Romantic Comedy imports from US also increased from mid-1990s. Films such as the international success Notting Hill (1999) and the Australian-French co-production Green Card (1990) encouraged Hollywood involvement in co-productions. Examples are Sliding Doors (UK/US, 1998) and Bridget Jone’s Diary (France/UK/US, 2001). Most of the US-British partnership ventures, however, are ‘adaptations of prestige literary or dramatic properties targeted at international audiences’ (Krunik 2002, p132), including Sense and Sensibility (UK/US; 1995) and Emma (UK/US; 1996).

What exactly is Romantic Comedy? How is it defined in order to help people to understand what it actually is?

‘Romantic Comedy: a genre, a family of genres (marriages, manners, screwball), a category of production and marketing, a category of analysis. Definition, even delimitation, is difficult or impossible because all Hollywood films (except some war films) have romance and all have comedy. A workable subset ‘romantic comedy’ might refer to those films in which romance and comedy are the primary components as crime, war, etc’ (Krunik 2002, p132)

As Handerson said, the word ‘romantic comedy’ not only is a particular type of a story on two lovers but it also ‘circulates as something of a free-floating signifier that can designate a bewildering array of possible combinations of sex and comedy’ (Krunik 2002, p 133).

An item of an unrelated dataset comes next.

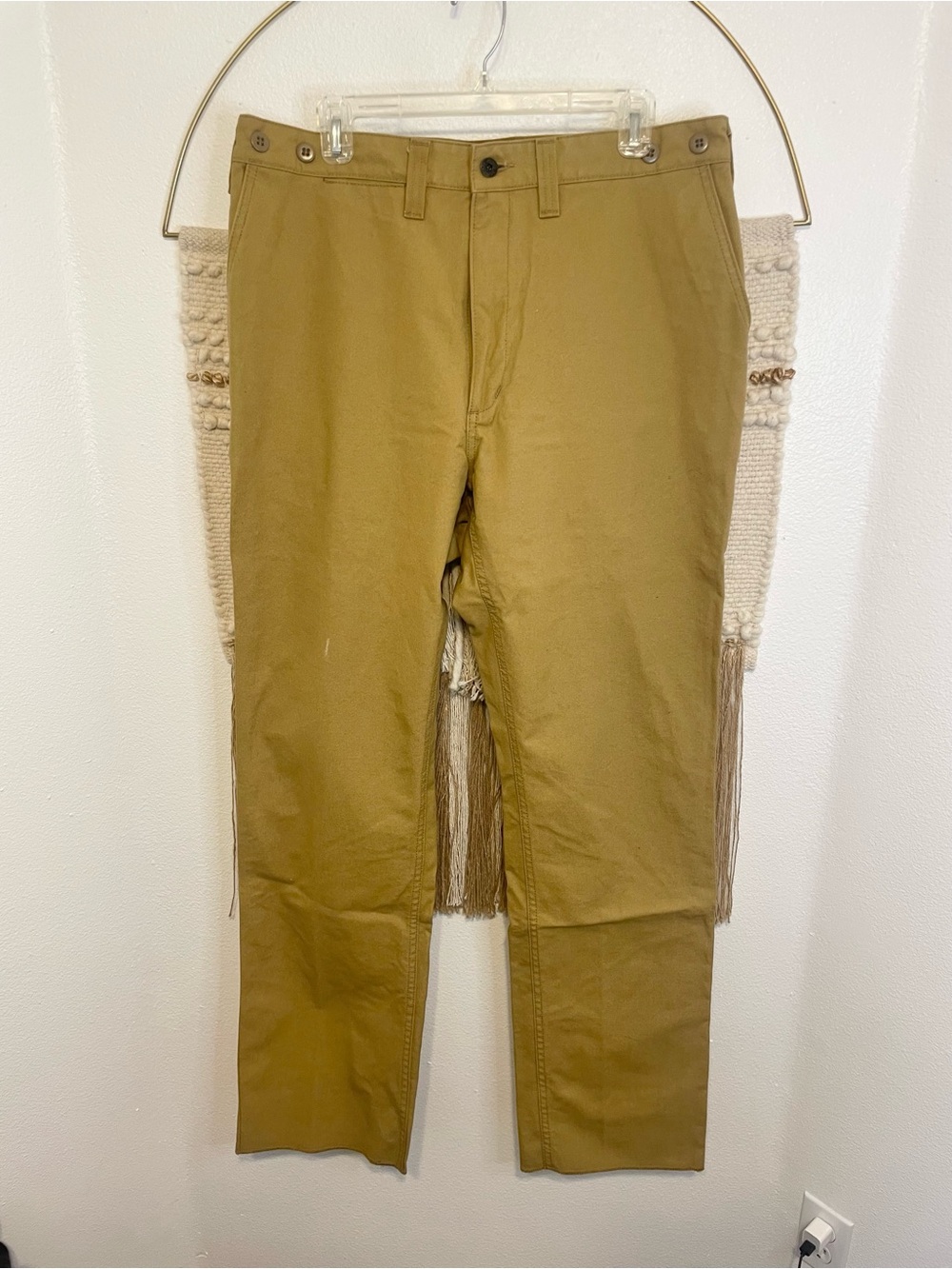 Filson Dark Tan Trousers With Leather Suspenders 38 - Picture 2 of 9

Billy Mernit, who is a famous author of romantic comedy, assigns the success of romantic comedy which has continued since the 1980s to its ability to mix with other film genres. Hybridity is by ‘no means a new development within Hollywood genre films, and it is certainly no stranger to romantic comedy’ (Krunik 2002, p133). Examples are Ball of Fire (1941), in which romantic comedy and elements of the gangster films are combined, I Married a Witch (1942) joins romantic comedy and supernatural fantasy and Too Hot to Handle (1938) combines romantic comedy with aviation adventure.

‘Though there are many exceptions that prove the rule (e.g., the thoroughly old-fashioned Pretty Women), contemporary mainstream audiences seem amenable to movies that mix it up. And this is true of your buyers (the studios); a romantic comedy that promises crossover potential is more likely to pique their interest than a straight-up traditional one’ (Mernit, B)

Pretty Women is a film which is female-centred, ‘pure’ straight romantic comedy appeals to women whereas the cross-genre film has broader audience. What is more, some of new romances have the elements of sporting backgrounds. For instance, Bull Durham (1998), The Cutting Edge (1992), The American President (1995) and Bulworth (1998). In addition, another trend since 1990s has been ‘the extension of the romantic comedy process to gay relationships’ (Krunik 2002, p 136). Gay scenarios have been combined within comedies aiming at broader audiences, such as The Next Best Thing (2000), The Object of My Affection (1998) and As Good as It Gets and Chasing Amy (1997).

Therefore, it can be said that contemporary romantic has been reconstructed for audiences based on age, ethnicity and sexual preference.

‘In romantic comedies, the real subject is the power of love. Love is not merely the catalyst for action in a romantic comedy, it is the shaper of the story arc. Although many romantic comedies seem to initially set up their protagonist’s eventual mate as their antagonist, in most cases love itself is the antagonist. Wrestling with love can force a character to grow or to resist growth, but either way, love’s effect on the central character is what drives the story. ‘Billy Mernit

‘Heterogeneity and hybridity’ (Spicer 2001, p184) are the prominent features of masculinity in contemporary British cinema. It means that the range of male forms is much broader than ever before.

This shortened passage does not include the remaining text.